Could you please repeat all of the entries exactly as written?

━━━━━ Records

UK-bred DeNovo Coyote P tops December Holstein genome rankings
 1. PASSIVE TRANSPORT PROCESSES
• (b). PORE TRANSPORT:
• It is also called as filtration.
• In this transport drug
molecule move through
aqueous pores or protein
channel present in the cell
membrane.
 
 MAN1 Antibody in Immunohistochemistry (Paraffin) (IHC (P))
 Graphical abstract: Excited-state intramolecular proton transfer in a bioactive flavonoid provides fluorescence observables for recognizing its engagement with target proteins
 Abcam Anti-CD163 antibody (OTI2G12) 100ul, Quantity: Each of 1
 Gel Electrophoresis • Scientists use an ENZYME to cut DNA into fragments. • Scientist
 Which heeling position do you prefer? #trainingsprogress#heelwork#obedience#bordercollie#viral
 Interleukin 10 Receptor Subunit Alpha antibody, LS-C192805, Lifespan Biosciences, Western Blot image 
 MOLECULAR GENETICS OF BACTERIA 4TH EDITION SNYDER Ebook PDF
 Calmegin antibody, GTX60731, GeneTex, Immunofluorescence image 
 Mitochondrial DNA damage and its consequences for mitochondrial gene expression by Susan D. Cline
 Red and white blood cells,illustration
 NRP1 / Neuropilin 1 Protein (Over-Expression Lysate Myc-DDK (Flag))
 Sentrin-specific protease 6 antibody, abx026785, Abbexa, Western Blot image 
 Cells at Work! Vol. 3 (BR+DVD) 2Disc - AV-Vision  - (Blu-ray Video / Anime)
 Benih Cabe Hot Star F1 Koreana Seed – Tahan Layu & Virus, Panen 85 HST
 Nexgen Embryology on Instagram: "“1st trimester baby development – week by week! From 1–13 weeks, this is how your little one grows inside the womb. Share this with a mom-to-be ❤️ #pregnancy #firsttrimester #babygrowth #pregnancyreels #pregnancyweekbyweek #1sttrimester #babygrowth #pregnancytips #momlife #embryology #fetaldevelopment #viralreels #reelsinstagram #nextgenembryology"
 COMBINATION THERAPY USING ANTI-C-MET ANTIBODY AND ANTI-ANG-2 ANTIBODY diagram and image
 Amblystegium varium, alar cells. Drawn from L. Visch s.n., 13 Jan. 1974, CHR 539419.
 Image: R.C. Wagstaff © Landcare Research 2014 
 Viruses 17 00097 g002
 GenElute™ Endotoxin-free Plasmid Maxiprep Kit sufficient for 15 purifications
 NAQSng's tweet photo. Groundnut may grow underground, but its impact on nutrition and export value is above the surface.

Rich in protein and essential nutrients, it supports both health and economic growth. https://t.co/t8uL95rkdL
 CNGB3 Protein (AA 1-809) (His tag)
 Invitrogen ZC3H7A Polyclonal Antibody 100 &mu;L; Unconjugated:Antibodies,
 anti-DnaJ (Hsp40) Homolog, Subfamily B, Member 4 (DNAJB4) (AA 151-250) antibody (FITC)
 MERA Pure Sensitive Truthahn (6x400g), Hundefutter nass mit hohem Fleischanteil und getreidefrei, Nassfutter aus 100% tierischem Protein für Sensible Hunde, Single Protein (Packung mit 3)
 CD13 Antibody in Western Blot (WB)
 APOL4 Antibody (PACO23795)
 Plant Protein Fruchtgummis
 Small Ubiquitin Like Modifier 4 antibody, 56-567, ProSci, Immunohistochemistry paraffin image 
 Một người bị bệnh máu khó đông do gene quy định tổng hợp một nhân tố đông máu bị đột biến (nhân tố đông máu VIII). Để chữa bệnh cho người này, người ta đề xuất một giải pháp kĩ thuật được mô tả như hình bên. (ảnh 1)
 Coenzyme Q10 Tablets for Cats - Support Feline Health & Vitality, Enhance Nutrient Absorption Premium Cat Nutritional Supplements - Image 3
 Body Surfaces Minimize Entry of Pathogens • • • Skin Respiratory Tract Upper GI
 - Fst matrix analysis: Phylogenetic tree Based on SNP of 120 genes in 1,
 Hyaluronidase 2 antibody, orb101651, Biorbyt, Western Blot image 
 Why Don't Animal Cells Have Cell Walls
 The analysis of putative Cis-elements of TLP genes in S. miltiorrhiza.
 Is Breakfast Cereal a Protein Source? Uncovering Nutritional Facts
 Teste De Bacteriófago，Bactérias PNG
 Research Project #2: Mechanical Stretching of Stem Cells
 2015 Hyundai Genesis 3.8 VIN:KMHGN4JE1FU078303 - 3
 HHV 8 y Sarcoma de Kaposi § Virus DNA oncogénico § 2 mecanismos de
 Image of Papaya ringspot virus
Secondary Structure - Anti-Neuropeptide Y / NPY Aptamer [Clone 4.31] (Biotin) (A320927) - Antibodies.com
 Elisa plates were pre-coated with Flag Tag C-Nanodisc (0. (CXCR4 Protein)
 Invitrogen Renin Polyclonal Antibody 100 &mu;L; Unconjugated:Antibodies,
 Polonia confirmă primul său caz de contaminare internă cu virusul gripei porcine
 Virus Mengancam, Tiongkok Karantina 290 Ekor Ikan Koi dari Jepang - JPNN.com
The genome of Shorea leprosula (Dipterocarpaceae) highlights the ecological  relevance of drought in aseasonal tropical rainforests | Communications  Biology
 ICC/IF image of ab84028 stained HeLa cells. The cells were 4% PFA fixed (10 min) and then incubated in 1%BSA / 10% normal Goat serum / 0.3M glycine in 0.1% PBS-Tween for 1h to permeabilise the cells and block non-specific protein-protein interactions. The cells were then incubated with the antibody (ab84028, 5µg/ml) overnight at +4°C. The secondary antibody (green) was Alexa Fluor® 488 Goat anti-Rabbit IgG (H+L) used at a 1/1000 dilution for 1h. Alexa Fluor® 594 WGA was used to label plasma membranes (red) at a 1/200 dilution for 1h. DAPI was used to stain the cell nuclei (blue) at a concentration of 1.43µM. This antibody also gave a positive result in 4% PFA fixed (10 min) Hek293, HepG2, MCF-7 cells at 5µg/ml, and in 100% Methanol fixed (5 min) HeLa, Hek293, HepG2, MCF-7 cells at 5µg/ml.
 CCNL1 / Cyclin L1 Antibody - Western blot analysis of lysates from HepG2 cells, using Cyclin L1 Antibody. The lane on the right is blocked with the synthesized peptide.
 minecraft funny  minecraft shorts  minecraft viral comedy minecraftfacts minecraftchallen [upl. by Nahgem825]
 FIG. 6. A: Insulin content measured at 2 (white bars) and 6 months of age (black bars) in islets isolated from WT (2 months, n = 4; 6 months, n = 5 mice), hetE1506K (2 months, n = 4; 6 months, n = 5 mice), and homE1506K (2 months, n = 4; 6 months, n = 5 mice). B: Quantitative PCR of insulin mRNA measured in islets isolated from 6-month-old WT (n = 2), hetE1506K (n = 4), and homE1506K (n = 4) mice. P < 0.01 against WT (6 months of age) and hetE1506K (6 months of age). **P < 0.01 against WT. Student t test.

━━━━━━━━━━

Finished task:
UK-bred DeNovo Coyote P tops December Holstein genome rankings
 1. PASSIVE TRANSPORT PROCESSES
• (b). PORE TRANSPORT:
• It is also called as filtration.
• In this transport drug
molecule move through
aqueous pores or protein
channel present in the cell
membrane.
 
 MAN1 Antibody in Immunohistochemistry (Paraffin) (IHC (P))
 Graphical abstract: Excited-state intramolecular proton transfer in a bioactive flavonoid provides fluorescence observables for recognizing its engagement with target proteins
 Abcam Anti-CD163 antibody (OTI2G12) 100ul, Quantity: Each of 1
 Gel Electrophoresis • Scientists use an ENZYME to cut DNA into fragments. • Scientist
 Which heeling position do you prefer? #trainingsprogress#heelwork#obedience#bordercollie#viral
 Interleukin 10 Receptor Subunit Alpha antibody, LS-C192805, Lifespan Biosciences, Western Blot image 
 MOLECULAR GENETICS OF BACTERIA 4TH EDITION SNYDER Ebook PDF
 Calmegin antibody, GTX60731, GeneTex, Immunofluorescence image 
 Mitochondrial DNA damage and its consequences for mitochondrial gene expression by Susan D. Cline
 Red and white blood cells,illustration
 NRP1 / Neuropilin 1 Protein (Over-Expression Lysate Myc-DDK (Flag))
 Sentrin-specific protease 6 antibody, abx026785, Abbexa, Western Blot image 
 Cells at Work! Vol. 3 (BR+DVD) 2Disc - AV-Vision  - (Blu-ray Video / Anime)
 Benih Cabe Hot Star F1 Koreana Seed – Tahan Layu & Virus, Panen 85 HST
 Nexgen Embryology on Instagram: "“1st trimester baby development – week by week! From 1–13 weeks, this is how your little one grows inside the womb. Share this with a mom-to-be ❤️ #pregnancy #firsttrimester #babygrowth #pregnancyreels #pregnancyweekbyweek #1sttrimester #babygrowth #pregnancytips #momlife #embryology #fetaldevelopment #viralreels #reelsinstagram #nextgenembryology"
 COMBINATION THERAPY USING ANTI-C-MET ANTIBODY AND ANTI-ANG-2 ANTIBODY diagram and image
 Amblystegium varium, alar cells. Drawn from L. Visch s.n., 13 Jan. 1974, CHR 539419.
 Image: R.C. Wagstaff © Landcare Research 2014 
 Viruses 17 00097 g002
 GenElute™ Endotoxin-free Plasmid Maxiprep Kit sufficient for 15 purifications
 NAQSng's tweet photo. Groundnut may grow underground, but its impact on nutrition and export value is above the surface.

Rich in protein and essential nutrients, it supports both health and economic growth. https://t.co/t8uL95rkdL
 CNGB3 Protein (AA 1-809) (His tag)
 Invitrogen ZC3H7A Polyclonal Antibody 100 &mu;L; Unconjugated:Antibodies,
 anti-DnaJ (Hsp40) Homolog, Subfamily B, Member 4 (DNAJB4) (AA 151-250) antibody (FITC)
 MERA Pure Sensitive Truthahn (6x400g), Hundefutter nass mit hohem Fleischanteil und getreidefrei, Nassfutter aus 100% tierischem Protein für Sensible Hunde, Single Protein (Packung mit 3)
 CD13 Antibody in Western Blot (WB)
 APOL4 Antibody (PACO23795)
 Plant Protein Fruchtgummis
 Small Ubiquitin Like Modifier 4 antibody, 56-567, ProSci, Immunohistochemistry paraffin image 
 Một người bị bệnh máu khó đông do gene quy định tổng hợp một nhân tố đông máu bị đột biến (nhân tố đông máu VIII). Để chữa bệnh cho người này, người ta đề xuất một giải pháp kĩ thuật được mô tả như hình bên. (ảnh 1)
 Coenzyme Q10 Tablets for Cats - Support Feline Health & Vitality, Enhance Nutrient Absorption Premium Cat Nutritional Supplements - Image 3
 Body Surfaces Minimize Entry of Pathogens • • • Skin Respiratory Tract Upper GI
 - Fst matrix analysis: Phylogenetic tree Based on SNP of 120 genes in 1,
 Hyaluronidase 2 antibody, orb101651, Biorbyt, Western Blot image 
 Why Don't Animal Cells Have Cell Walls
 The analysis of putative Cis-elements of TLP genes in S. miltiorrhiza.
 Is Breakfast Cereal a Protein Source? Uncovering Nutritional Facts
 Teste De Bacteriófago，Bactérias PNG
 Research Project #2: Mechanical Stretching of Stem Cells
 2015 Hyundai Genesis 3.8 VIN:KMHGN4JE1FU078303 - 3
 HHV 8 y Sarcoma de Kaposi § Virus DNA oncogénico § 2 mecanismos de
 Image of Papaya ringspot virus
Secondary Structure - Anti-Neuropeptide Y / NPY Aptamer [Clone 4.31] (Biotin) (A320927) - Antibodies.com
 Elisa plates were pre-coated with Flag Tag C-Nanodisc (0. (CXCR4 Protein)
 Invitrogen Renin Polyclonal Antibody 100 &mu;L; Unconjugated:Antibodies,
 Polonia confirmă primul său caz de contaminare internă cu virusul gripei porcine
 Virus Mengancam, Tiongkok Karantina 290 Ekor Ikan Koi dari Jepang - JPNN.com
The genome of Shorea leprosula (Dipterocarpaceae) highlights the ecological  relevance of drought in aseasonal tropical rainforests | Communications  Biology
 ICC/IF image of ab84028 stained HeLa cells. The cells were 4% PFA fixed (10 min) and then incubated in 1%BSA / 10% normal Goat serum / 0.3M glycine in 0.1% PBS-Tween for 1h to permeabilise the cells and block non-specific protein-protein interactions. The cells were then incubated with the antibody (ab84028, 5µg/ml) overnight at +4°C. The secondary antibody (green) was Alexa Fluor® 488 Goat anti-Rabbit IgG (H+L) used at a 1/1000 dilution for 1h. Alexa Fluor® 594 WGA was used to label plasma membranes (red) at a 1/200 dilution for 1h. DAPI was used to stain the cell nuclei (blue) at a concentration of 1.43µM. This antibody also gave a positive result in 4% PFA fixed (10 min) Hek293, HepG2, MCF-7 cells at 5µg/ml, and in 100% Methanol fixed (5 min) HeLa, Hek293, HepG2, MCF-7 cells at 5µg/ml.
 CCNL1 / Cyclin L1 Antibody - Western blot analysis of lysates from HepG2 cells, using Cyclin L1 Antibody. The lane on the right is blocked with the synthesized peptide.
 minecraft funny  minecraft shorts  minecraft viral comedy minecraftfacts minecraftchallen [upl. by Nahgem825]
 FIG. 6. A: Insulin content measured at 2 (white bars) and 6 months of age (black bars) in islets isolated from WT (2 months, n = 4; 6 months, n = 5 mice), hetE1506K (2 months, n = 4; 6 months, n = 5 mice), and homE1506K (2 months, n = 4; 6 months, n = 5 mice). B: Quantitative PCR of insulin mRNA measured in islets isolated from 6-month-old WT (n = 2), hetE1506K (n = 4), and homE1506K (n = 4) mice. P < 0.01 against WT (6 months of age) and hetE1506K (6 months of age). **P < 0.01 against WT. Student t test.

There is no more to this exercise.